山口県周南市の徳山駅前地区市街地再開発組合(小野嘉久理事長)は7日、市と市議会の補助金の増額を求める要望書を提出した。当初、事業費を108億円と見込み、国と県で30億円の補助金を予定していたが、物価高騰で118億円にふくらみ、増加した10億円の一部に対する補助を求めている。
この再開発事業は徳山駅の東側にオフィスビルの駅前棟、18階建ての高層マンション、ホテル、商業施設を建設する計画。すでに完成したオフィスビルは「徳山デッキD1」と名付けられて9月5日にオープン。6階建てで、1階に山口銀行、もみじ銀行とまちのポート、4階以上に徳山商工会議所が入っている。マンションの「プレミスト徳山ザ・レジデンス」は大和ハウス工業が建設中で、すでに売り出しも始まっている。
一方、来年秋以降に施設全体のオープンを予定し、商業施設は出店者募集の説明会5月に開いたが、核となるテナントはまだ明らかになっていない。ホテル棟も運営を引き受ける企業名が公表されていない。

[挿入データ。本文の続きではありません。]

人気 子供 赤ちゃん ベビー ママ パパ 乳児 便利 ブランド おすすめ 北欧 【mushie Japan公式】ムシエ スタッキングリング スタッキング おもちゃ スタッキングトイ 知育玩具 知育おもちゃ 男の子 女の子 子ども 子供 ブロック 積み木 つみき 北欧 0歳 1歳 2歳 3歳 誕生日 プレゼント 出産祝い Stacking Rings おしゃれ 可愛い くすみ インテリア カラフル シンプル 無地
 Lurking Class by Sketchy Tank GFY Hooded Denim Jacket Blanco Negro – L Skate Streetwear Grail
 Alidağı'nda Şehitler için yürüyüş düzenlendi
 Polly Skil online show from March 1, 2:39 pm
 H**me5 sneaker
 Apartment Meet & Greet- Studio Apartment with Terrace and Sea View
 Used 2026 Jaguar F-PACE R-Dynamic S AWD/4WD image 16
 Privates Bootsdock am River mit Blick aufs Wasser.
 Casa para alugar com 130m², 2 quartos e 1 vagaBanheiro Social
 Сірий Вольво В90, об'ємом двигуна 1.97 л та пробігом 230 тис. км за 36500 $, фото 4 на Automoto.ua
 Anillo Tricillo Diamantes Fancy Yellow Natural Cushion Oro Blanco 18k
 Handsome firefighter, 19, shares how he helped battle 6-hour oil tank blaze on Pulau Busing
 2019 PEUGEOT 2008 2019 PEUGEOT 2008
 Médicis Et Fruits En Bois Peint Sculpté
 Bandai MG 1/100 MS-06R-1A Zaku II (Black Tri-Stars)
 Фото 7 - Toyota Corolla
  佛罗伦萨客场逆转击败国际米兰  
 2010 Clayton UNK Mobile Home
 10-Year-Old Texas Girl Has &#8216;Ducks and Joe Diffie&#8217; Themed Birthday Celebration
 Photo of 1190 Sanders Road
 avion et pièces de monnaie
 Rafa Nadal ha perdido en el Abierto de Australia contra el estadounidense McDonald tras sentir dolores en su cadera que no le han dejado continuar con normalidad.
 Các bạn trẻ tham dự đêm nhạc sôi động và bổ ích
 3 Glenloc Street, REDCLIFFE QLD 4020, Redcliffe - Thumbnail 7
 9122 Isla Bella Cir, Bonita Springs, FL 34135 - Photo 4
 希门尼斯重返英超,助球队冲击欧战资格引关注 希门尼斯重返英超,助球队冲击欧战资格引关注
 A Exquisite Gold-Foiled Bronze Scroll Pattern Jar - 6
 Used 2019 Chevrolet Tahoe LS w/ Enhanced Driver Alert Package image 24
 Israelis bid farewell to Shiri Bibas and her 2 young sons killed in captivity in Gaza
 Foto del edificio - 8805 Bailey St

当初から予定されている30億円の補助金は国と市が半額ずつ負担する。国の基準に基づいた公共的な施設の建設費に対する助成で、年度ごとに支払われる。今回の要望はこの30億円の事業費の対象となっている部分も建設費が高騰していることから、自助努力でカバーできない分の負担を求めるもの。
市は30億円と同様に「国のルールの通りに公共的部分に助成する」という姿勢で、今後、増額分の内訳や事業の現状を聞き取ったうえで、助成が可能と判断した場合は来年度当初予算案に必要な事業費を計上すると見られている。
徳山駅前再開発は市が主導した徳山駅前図書館などの建設に続く、民間主導の事業。すでに工事が進行中で、建設後の商業施設の所有、運営のための周南パークタウン開発、パークタウン商業運営も設立されて活動を開始している。ホテルの運営会社、商業施設の店舗が公表されない不安はあるが、引き返すことは難しい。
一方で民間事業への更なる公費投入には市議会などから疑問の声が出る可能性もある。市民が期待し、応援したくなる再開発にするために、これまで以上に透明性を高めることが求められそうだ。